■ TASK ITEM: The expected output is an exact copy of the lines from the one containing "הודי פיל מצויר" through the final line of the entries below, with no images.

+-------+

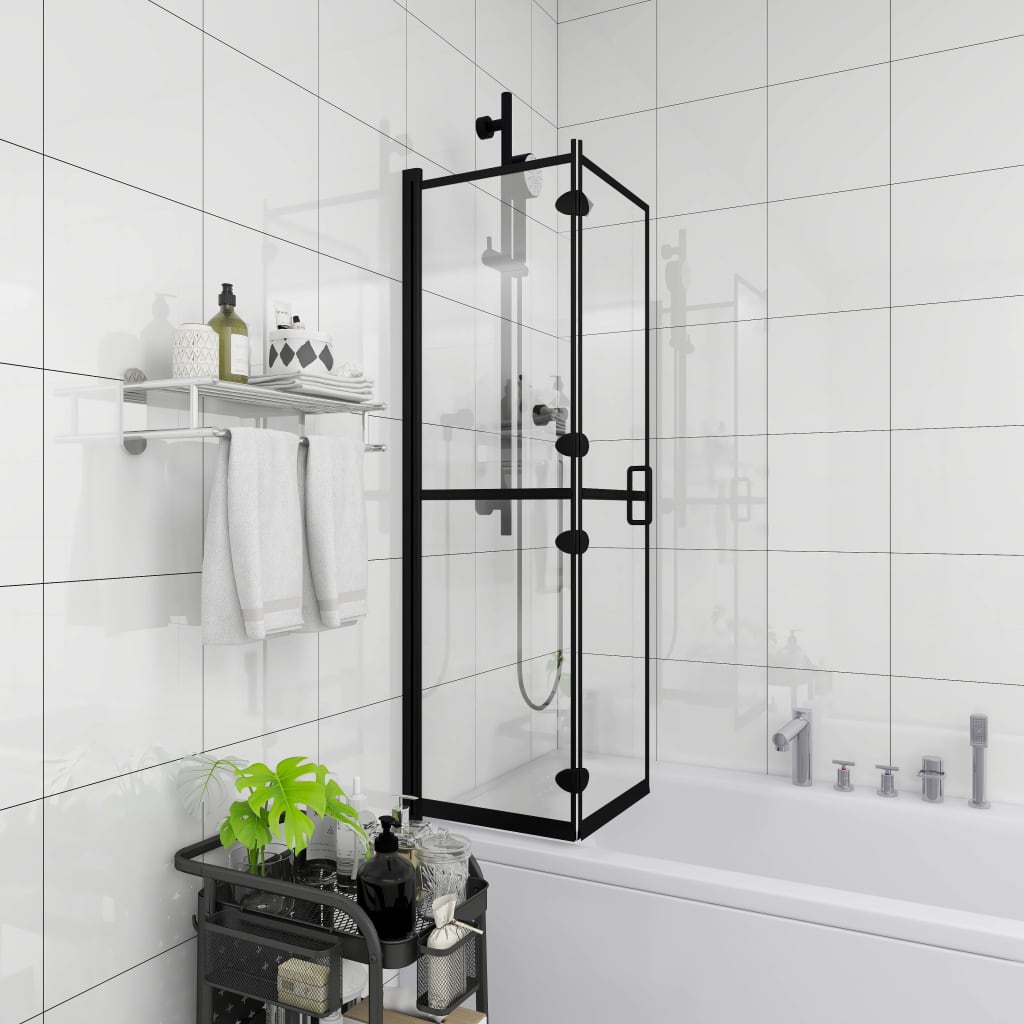 vidaXL salokāma dušas kabīne, 120x140 cm, ESG, melna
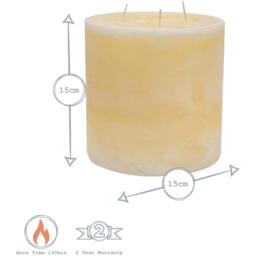 Round 3 Wick Vanilla Pillar Candle Ivory - Natural - thumbnail 3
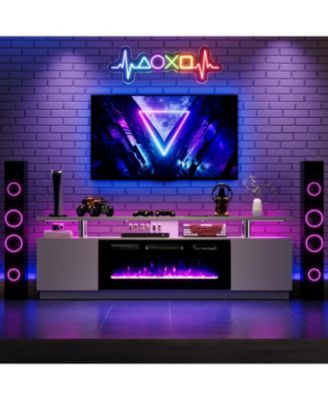 70" Fireplace TV Stand with 36" Electric Fireplace Heater, 12 Flame and 7 LED Color Modes, High-Gloss Entertainment Center with 2-Tier Storage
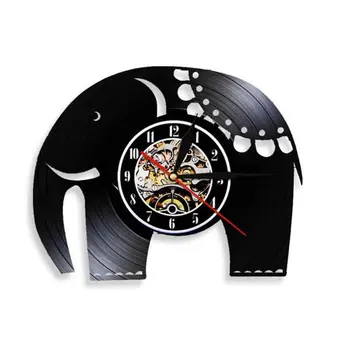 הודי פיל מצויר שעון קיר לעיצוב הבית וינטג ' ספארי חיות התקליט ויניל שעון קיר ילד בחדר ילדים תפאורה קיר אמנות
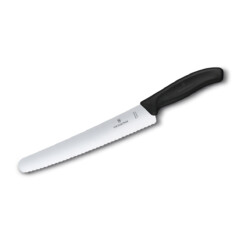 Victorinox - Swiss Classic Brot- und Konditormesser 22 cm, Welle, schwarz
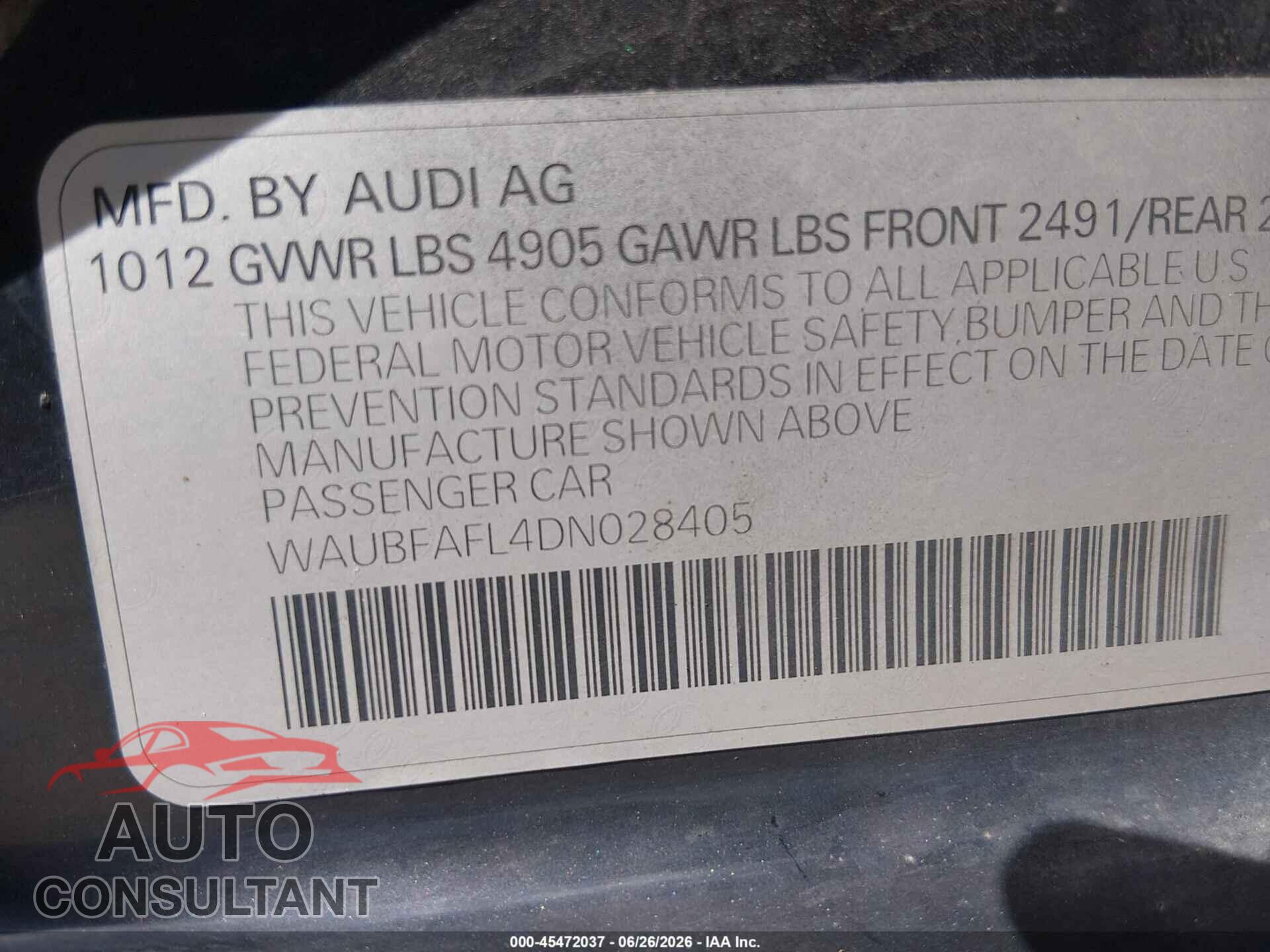 AUDI A4 2013 - WAUBFAFL4DN028405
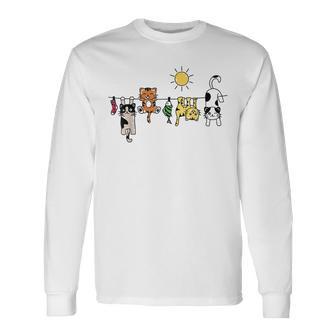 Cute Cats Hanging On A Clothes Line Cat Long Sleeve T-Shirt - Thegiftio UK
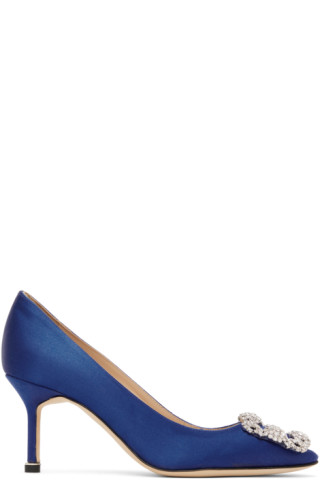 Manolo Blahnik: Blue Hangisi Heels | SSENSE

+-------+

■ EXERCISE RESPONSE:
 הודי פיל מצויר שעון קיר לעיצוב הבית וינטג ' ספארי חיות התקליט ויניל שעון קיר ילד בחדר ילדים תפאורה קיר אמנות
 Victorinox - Swiss Classic Brot- und Konditormesser 22 cm, Welle, schwarz
 AUDI A4 2013 - WAUBFAFL4DN028405
 Cute Cats Hanging On A Clothes Line Cat Long Sleeve T-Shirt - Thegiftio UK
 Manolo Blahnik: Blue Hangisi Heels | SSENSE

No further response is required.